高浜虚子の句を思い出している。
咲き満ちてこぼるる花もなかりけり 高浜虚子 『虚子秀句』
(さきみちて こぼるるはなも なかりけり)
もう30年近くになるが、私は当時住んでいた東京練馬区の光が丘公園の花の頃の、虚子の句のこの景の瞬間に出合いたいとずっと願っていた。莟の頃から、満開となり、落下するまでの毎日を過ごした。
そろそろ満開だろうと思った朝早く、いつも眺めている大桜の下に佇った。
朝日が上り、茜色はもう消えていた。露をいっぱい含んだ花弁のひとひらずつが透き通るように白く輝いていた。枝々の花は実際は九分咲きくらいであろうが、莟は花に隠れて満開のように見えた。花房はずしりとまあるく重そうである。風もなく、花びら一つ揺らぐことはなかった。
私は、この重量感と存在感と緊張感のあふれている桜の、この姿こそが、〈咲き満ちてこぼるゝ花もなかりけり〉に違いないと確信した。朝の静けさの中で、勿論一片の花びらも散らないままであった。名句なのに、何故か『五百句』には入っていない不思議な句である。

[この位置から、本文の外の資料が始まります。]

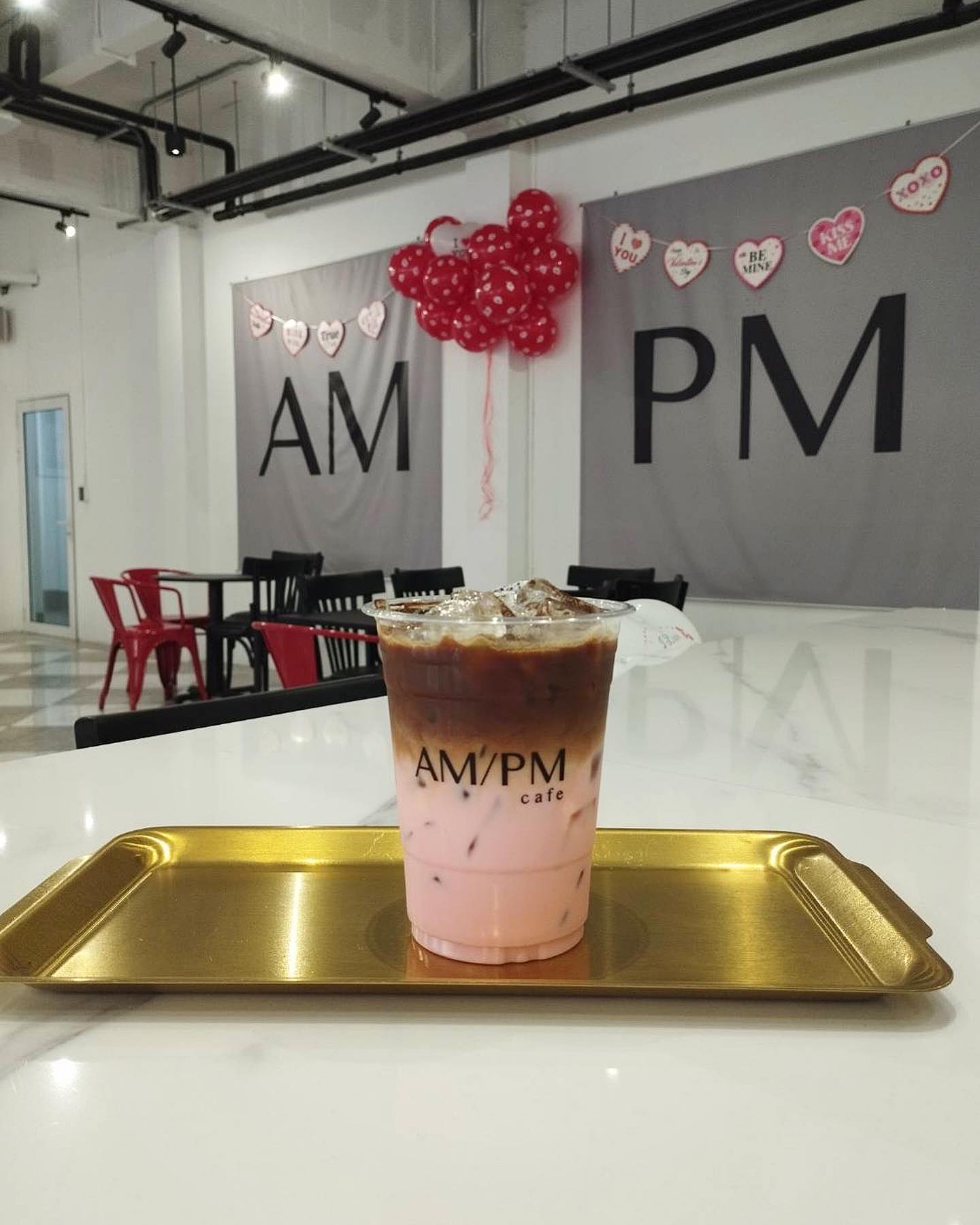 Pink drink inside AmPm Ari Cafe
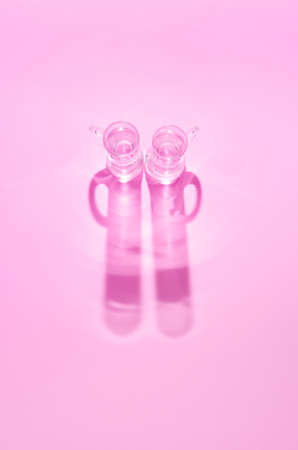 Two tequila glasses on pink background. Minimal flat lay.の写真素材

この満開の桜大樹が、能舞台で動きを極端にまで省略して佇むシテの姿に重なってくる。
やっと出合えた!
虚子の『五百句』研究に参加して、この作品を知ってから、虚子の作品を知るには、能を観ておきたいと思うようになり、能楽堂へ通うようになった。明治神宮薪能だけでなく、盛岡市の中尊寺や静岡市の三保の松原での薪能にも車を飛ばしたこともあった。
今宵は、「薪能」の作品を見てみよう。
■
薪燃えて静の顔を照しけり 正岡子規 『俳句稿』明治32年
(たきぎもえて じずかのかおを てらしけり) まさおか・しき
「静」とは、鎌倉時代の源義経の愛妾であり、もと京都の白拍子の静御前のことである。子規は、明治32年に季題「薪能」で7句詠んでいるが、実際に子規が観たものではなく、虚子や碧梧桐から話を聞いて詠んだものであるといわれている。明治32年の子規は、脊椎カリエスを病んで4年目であり、寝たきりの生活の方が多かった頃である。
しかし、子規、虚子、碧梧桐の生地の松山では能楽が盛んであり、虚子の父も能をし、松山藩の廃藩後は、旧藩の能楽保存に尽力したのは兄の池内信嘉であった。
松山には2度訪れたことがある。初代主宰の八木健さんの「BS俳句王国」に出演させていただいた時である。その帰りに松山城に一人で上った。松山市民会館に能楽堂があった。
子規が観た薪能は、松山の能楽堂ではなかったと思われ、掲句は、虚子や碧梧桐から聞いた話からふっと浮かんだ句であるという。
子規の詠んだ7句を紹介してみよう。
ふらでやみし朧月夜や薪能
鉢の木や薪に遠き最明寺
薪燃えて静の顔を照しけり
薪能京より叔父のまかりけり
鹿来る楽屋の外や薪能
冴え返る春日颪や薪能
小夜更し鼓の音や薪能
掲句の薪能は、「船弁慶」または「静御前」であると思われる。どちらの演目にも静御前が登場する。薪能が始まると、シテの静御前は揚幕を出て橋掛かりを、つま先で床をするように「すり足」で歩いてくる。
燃える薪の明るさに能面の片側を照らされながらシテの静御前が、しずしずとすり足で歩いてくるのだ。
■
後ジテの出に風も死す薪能 能村登四郎 『能村登四郎前句集』
(のちジテのでに かぜもしす たきぎのう) のむら・としろう
薪能が催されるのは夏の夜である。夜風が吹いていれば、能管・小鼓・太鼓・太鼓の4種の楽器の音とともに、爽やかな風のなかでの後ジテの登場となる。
この夜は、風がピタリと止んで、なんとも蒸し暑いタイミングでの「後ジテの出」となったのですよ、となろうか。